Eating for a better world: Some questions and a guide
From Trophic Tales: The focus on the welfare of individual domesticated animals might be an extension of the modernist tendency to simplify and discriminate. The morality of living, eating, and dying is more complex than two-word slogans can prescribe. If we care about animals —wild or domesticated— we’ve to think in terms of entire ecosystems.
Valentina Amaral and Aurora Solá, Trophic Tales
“The banality of evil transmutes into the banality of sentimentality. The world is nothing but a problem to be solved by enthusiasm.”
—Teju Cole
It is not surprising that there are growing numbers of vegans and vegetarians worldwide who are becoming dogmatic about their food choices. Many aspects of the hyper-synthetic cityscapes we inhabit are disorienting to mammals such as ourselves. Over the last hundred years, our food systems have undergone drastic change. Food — that basic, life-igniting, community-building element — has become completely outsourced, processed, industrialized, and bland. Worse, animals are distorted and abused beyond recognition to produce it.
The meat we come across in cities looks less and less like a part of the animal it came from, and more like another factory product packaged in layers of thick plastic. We have become detached from the relationships we have formed with animals over thousands of years. We are conceptually isolated from trophic cascades.

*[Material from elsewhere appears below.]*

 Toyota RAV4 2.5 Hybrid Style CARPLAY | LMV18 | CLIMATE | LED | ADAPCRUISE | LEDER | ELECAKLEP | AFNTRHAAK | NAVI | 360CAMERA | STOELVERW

Eating animals in this context surely feels like cheating, since the only models we have for our relationships with them are our relationships with other people.

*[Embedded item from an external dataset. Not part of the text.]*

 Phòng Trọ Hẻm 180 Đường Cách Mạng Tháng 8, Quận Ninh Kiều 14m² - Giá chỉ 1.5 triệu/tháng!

One by one, city dwellers awaken to the fact that their chicken no longer tastes or looks like chicken and that their bodies are dulled by the meat of the crippled, hormone- and antibiotic-stuffed animals we breed. They begin to feel a visceral, intellectual, and moral repulsion towards the animal products that everyone eats so flippantly.
The slaughtering of animals used to take place within a relationship. There was little room for cowardice, since the act of killing was personal. The hunter looked into the eyes of the deer and was changed by that gaze. The farmer lived in close proximity with her cattle and understood that her own well-being depended on that of her animals. The cook knew how to calm her chicken before she twisted its neck, and let no part of the animal go to waste. The shepherd risked his life to defend his herd. Everyone who ate was intimate with the cycles that brought food to the plate. Ritual mediated relationships, providing for a way for people to both honor and eat the world around them.

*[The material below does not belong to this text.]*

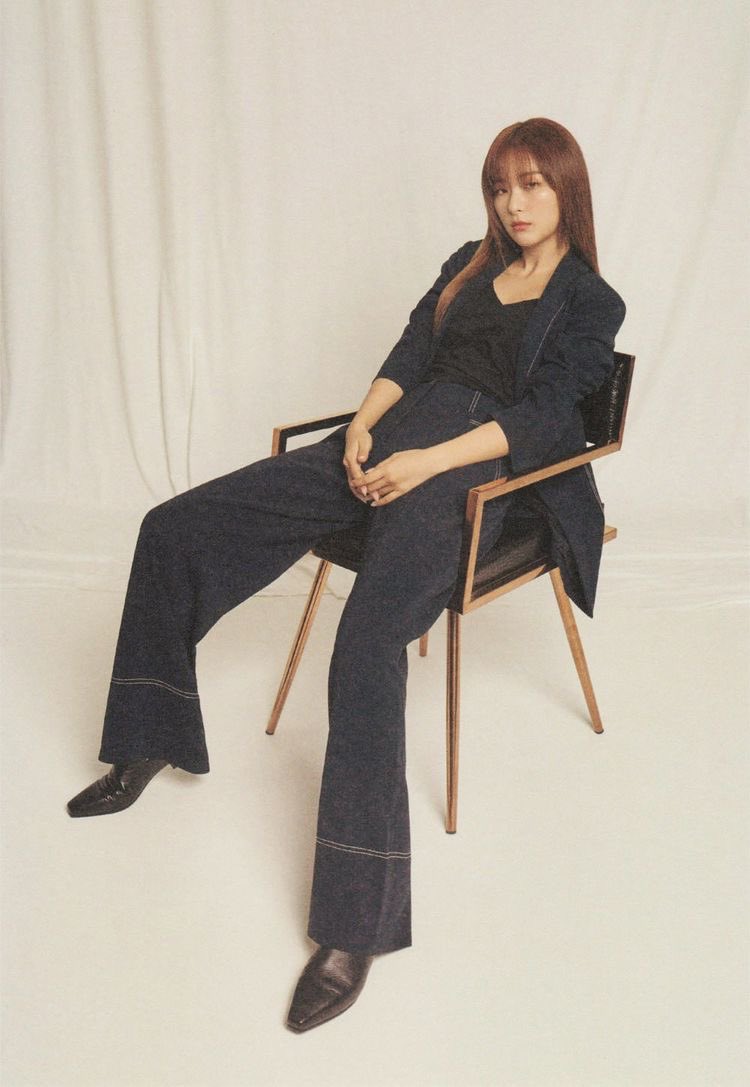   #SEULGI suit/overcoat moments i think abt a lot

Now we are divorced from these processes. Veganism is another reaction to this isolation, and indeed could have only emerged within it.
Urbanites looking for alternatives easily come across veganism, a mainstream trend now widely accepted and supported by the sweet embrace of the profitable business of vegan deserts and snacks. When continuing to eat feedlot meat and eggs from enslaved chickens becomes impossible, veganism beckons with a practicable solution. But subjective health claims and moral appeals that harness the disgust response too often blind vegans to the many nuances that determine our food culture. It can also blind them to more exciting, systemic antidotes to the plethora of fatal faults in our food systems.
Agriculture that is running off a cliff
Industrial agriculture has wrought many miracles. It has allowed developed countries to produce more food on less land and with fewer people. But it has achieved this wonder by making fertilizer and pesticides out of fossil fuels, eroding topsoil, and reducing the variety of plants in our diet. In other words, we are paying for our cheap food and our disconnection from the land with degraded landscapes and monotony.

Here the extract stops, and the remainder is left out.